▶ **Exercise description**: What are the lines, written out exactly, from the one containing "Potret keluarga besar" to the end of the entries below? Include both ends and nothing more.

▶ **Materials provided**:
◇ ◇ ◇

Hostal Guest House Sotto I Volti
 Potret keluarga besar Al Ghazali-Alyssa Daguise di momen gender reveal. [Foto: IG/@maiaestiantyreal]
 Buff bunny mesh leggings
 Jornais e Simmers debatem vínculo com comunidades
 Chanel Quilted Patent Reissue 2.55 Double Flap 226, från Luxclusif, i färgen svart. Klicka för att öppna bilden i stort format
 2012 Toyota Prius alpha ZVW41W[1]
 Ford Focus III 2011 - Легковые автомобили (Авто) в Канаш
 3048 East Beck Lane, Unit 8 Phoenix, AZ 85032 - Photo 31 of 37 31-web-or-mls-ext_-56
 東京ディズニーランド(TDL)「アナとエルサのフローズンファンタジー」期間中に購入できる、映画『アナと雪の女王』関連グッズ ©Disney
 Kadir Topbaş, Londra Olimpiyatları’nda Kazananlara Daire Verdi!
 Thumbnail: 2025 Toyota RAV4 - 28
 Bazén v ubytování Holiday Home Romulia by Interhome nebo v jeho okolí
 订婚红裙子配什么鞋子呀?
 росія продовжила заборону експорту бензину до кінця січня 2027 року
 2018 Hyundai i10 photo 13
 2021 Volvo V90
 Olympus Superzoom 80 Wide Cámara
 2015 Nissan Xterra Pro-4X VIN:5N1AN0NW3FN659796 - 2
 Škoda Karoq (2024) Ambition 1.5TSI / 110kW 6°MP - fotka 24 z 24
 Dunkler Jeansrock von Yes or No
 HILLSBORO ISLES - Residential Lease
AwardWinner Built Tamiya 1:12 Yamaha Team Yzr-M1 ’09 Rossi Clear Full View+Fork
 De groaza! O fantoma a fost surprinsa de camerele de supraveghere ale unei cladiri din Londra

◇ ◇ ◇

▶ **Output for this exercise**:
 Potret keluarga besar Al Ghazali-Alyssa Daguise di momen gender reveal. [Foto: IG/@maiaestiantyreal]
 Buff bunny mesh leggings
 Jornais e Simmers debatem vínculo com comunidades
 Chanel Quilted Patent Reissue 2.55 Double Flap 226, från Luxclusif, i färgen svart. Klicka för att öppna bilden i stort format
 2012 Toyota Prius alpha ZVW41W[1]
 Ford Focus III 2011 - Легковые автомобили (Авто) в Канаш
 3048 East Beck Lane, Unit 8 Phoenix, AZ 85032 - Photo 31 of 37 31-web-or-mls-ext_-56
 東京ディズニーランド(TDL)「アナとエルサのフローズンファンタジー」期間中に購入できる、映画『アナと雪の女王』関連グッズ ©Disney
 Kadir Topbaş, Londra Olimpiyatları’nda Kazananlara Daire Verdi!
 Thumbnail: 2025 Toyota RAV4 - 28
 Bazén v ubytování Holiday Home Romulia by Interhome nebo v jeho okolí
 订婚红裙子配什么鞋子呀?
 росія продовжила заборону експорту бензину до кінця січня 2027 року
 2018 Hyundai i10 photo 13
 2021 Volvo V90
 Olympus Superzoom 80 Wide Cámara
 2015 Nissan Xterra Pro-4X VIN:5N1AN0NW3FN659796 - 2
 Škoda Karoq (2024) Ambition 1.5TSI / 110kW 6°MP - fotka 24 z 24
 Dunkler Jeansrock von Yes or No
 HILLSBORO ISLES - Residential Lease
AwardWinner Built Tamiya 1:12 Yamaha Team Yzr-M1 ’09 Rossi Clear Full View+Fork
 De groaza! O fantoma a fost surprinsa de camerele de supraveghere ale unei cladiri din Londra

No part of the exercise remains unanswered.